*Supplied material*:
[Start of Attachment]
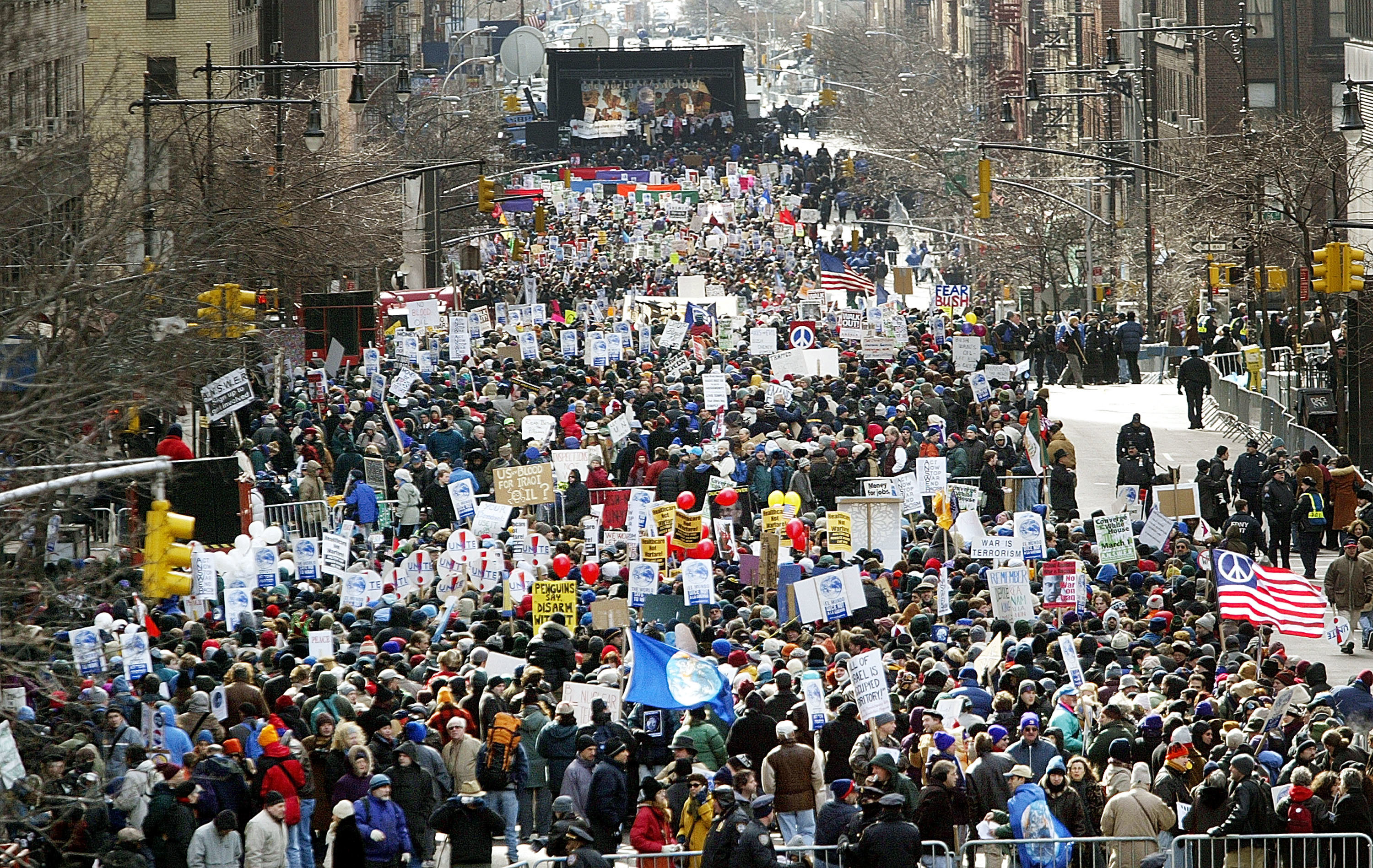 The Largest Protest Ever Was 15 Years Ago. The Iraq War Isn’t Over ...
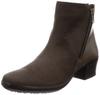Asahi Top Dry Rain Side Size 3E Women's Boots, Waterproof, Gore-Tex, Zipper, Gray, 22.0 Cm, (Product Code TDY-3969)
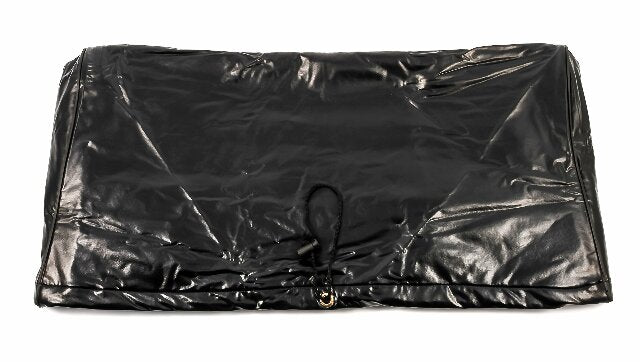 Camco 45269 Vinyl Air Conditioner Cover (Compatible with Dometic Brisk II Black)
[End of Attachment]
*Task requirements*:
Return a verbatim transcription of the data, omitting all images.

*Your response*:
 The Largest Protest Ever Was 15 Years Ago. The Iraq War Isn’t Over ...
Asahi Top Dry Rain Side Size 3E Women's Boots, Waterproof, Gore-Tex, Zipper, Gray, 22.0 Cm, (Product Code TDY-3969)
 Camco 45269 Vinyl Air Conditioner Cover (Compatible with Dometic Brisk II Black)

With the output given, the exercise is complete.